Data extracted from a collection
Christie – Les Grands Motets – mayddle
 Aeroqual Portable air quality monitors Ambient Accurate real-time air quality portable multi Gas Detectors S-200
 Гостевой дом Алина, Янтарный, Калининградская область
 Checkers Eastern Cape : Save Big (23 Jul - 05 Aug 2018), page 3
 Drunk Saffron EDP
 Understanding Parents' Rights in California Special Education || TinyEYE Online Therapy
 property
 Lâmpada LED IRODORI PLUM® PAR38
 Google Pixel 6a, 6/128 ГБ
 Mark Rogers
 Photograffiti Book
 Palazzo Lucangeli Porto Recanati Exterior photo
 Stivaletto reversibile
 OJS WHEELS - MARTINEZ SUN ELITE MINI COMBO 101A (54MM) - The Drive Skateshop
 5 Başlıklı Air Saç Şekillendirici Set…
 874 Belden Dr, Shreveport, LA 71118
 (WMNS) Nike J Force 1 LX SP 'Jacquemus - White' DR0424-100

__What you are asked to do__: The lines from the one containing "OJS WHEELS - MARTINEZ" through the final line of the entries above are to be printed exactly, with nothing added.

__Solution to this problem__:
 OJS WHEELS - MARTINEZ SUN ELITE MINI COMBO 101A (54MM) - The Drive Skateshop
 5 Başlıklı Air Saç Şekillendirici Set…
 874 Belden Dr, Shreveport, LA 71118
 (WMNS) Nike J Force 1 LX SP 'Jacquemus - White' DR0424-100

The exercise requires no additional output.